Scientists studying data from NASA’s Juno spacecraft have published numerous papers in Nature make some intriguing and surprising findings this week about the atmosphere of the largest planet in our solar system. The papers are summarized and linked in this NASA press release.

Some of the most notable discoveries come from visible and infrared observations made by Juno during his first five scientific passes in its elongated orbit around Jupiter. (The spacecraft entered Jupiter’s orbit on July 4, 2016. It will make its 11th pass on April 1.) In these first passes, scientists found clusters of strange and prolonged cyclones orbiting Jupiter’s north and south poles.

At the North Pole, eight persistent polygon-shaped cyclones were observed around a single polar cyclone.

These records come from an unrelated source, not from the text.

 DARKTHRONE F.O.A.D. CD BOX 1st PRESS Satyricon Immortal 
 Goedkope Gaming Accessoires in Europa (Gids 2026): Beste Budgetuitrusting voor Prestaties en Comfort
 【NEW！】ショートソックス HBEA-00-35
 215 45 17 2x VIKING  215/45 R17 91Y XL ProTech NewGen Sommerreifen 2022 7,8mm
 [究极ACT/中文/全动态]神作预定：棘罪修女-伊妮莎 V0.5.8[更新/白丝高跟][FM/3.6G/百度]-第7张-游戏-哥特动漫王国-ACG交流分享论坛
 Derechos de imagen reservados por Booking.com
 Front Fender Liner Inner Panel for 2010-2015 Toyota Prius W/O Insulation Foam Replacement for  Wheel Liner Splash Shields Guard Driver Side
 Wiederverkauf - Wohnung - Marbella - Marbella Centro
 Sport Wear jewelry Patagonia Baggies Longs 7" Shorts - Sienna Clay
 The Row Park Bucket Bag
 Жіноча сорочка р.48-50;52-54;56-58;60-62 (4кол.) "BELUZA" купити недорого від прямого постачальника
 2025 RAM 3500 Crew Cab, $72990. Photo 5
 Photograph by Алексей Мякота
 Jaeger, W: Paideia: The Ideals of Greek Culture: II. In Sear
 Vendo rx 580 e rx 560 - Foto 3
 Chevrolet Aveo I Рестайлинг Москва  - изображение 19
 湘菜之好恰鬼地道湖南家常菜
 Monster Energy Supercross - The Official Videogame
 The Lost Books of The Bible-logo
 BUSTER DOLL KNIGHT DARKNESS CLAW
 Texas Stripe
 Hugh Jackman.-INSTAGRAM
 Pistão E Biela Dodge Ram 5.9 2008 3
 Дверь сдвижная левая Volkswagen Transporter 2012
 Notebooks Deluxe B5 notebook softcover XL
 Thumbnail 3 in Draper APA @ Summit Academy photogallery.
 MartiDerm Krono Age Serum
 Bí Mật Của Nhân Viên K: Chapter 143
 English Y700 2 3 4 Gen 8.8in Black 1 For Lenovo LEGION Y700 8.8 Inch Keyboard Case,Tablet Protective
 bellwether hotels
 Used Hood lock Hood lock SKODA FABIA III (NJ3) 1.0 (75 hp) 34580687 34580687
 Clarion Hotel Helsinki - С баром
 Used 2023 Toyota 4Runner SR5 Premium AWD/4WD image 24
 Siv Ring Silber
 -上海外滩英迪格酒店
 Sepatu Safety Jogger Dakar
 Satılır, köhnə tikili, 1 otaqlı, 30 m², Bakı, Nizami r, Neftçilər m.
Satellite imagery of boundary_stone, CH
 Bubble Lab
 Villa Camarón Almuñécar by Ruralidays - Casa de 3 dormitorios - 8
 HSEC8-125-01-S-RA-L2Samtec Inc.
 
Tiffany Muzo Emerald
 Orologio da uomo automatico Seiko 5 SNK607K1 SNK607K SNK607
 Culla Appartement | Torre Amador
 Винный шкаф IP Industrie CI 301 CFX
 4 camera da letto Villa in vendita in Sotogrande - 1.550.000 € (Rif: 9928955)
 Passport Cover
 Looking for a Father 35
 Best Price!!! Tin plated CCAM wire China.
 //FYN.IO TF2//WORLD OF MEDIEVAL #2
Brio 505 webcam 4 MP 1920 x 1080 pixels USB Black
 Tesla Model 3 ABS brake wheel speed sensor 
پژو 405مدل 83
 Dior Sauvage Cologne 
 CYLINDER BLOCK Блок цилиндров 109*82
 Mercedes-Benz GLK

In the south, five storms encircled a single cyclone. Scientists confirmed the circulation of these storms through time-lapse images. The northern storms, which are 4,000 to 4,600 km in diameter, are smaller than the storms in the southern hemisphere, which are 5,600 to 7,000 km in diameter.

Normally, scientists would expect these cyclones to migrate toward the pole because of the Coriolis beta effect, where vortices in a liquid would naturally drift toward the pole. On Jupiter, however, these vortices persisted and did not substantially drift or merge during Juno’s first observations. This has surprised scientists, because the polar cyclones are so densely packed, with the spiral arms of each coming into contact with their neighbors.

They should push and pull each other and merge as a result. “The question is, why don’t they merge?” said Alberto Adriani, Juno co-investigator of the Institute for Space Astrophysics and Planetology, Rome, and lead author of the paper. “We know from Cassini data that Saturn has a single cyclonic vortex at each pole. We are beginning to realize that not all gas giants are created equal.”

As the researchers note, “The configuration of the cyclones is unprecedented on other planets.” NASA scientists are now trying to model the atmospheric conditions under which such features can form and persist in Jupiter’s atmosphere. More data from future Juno passes past Jupiter will certainly help.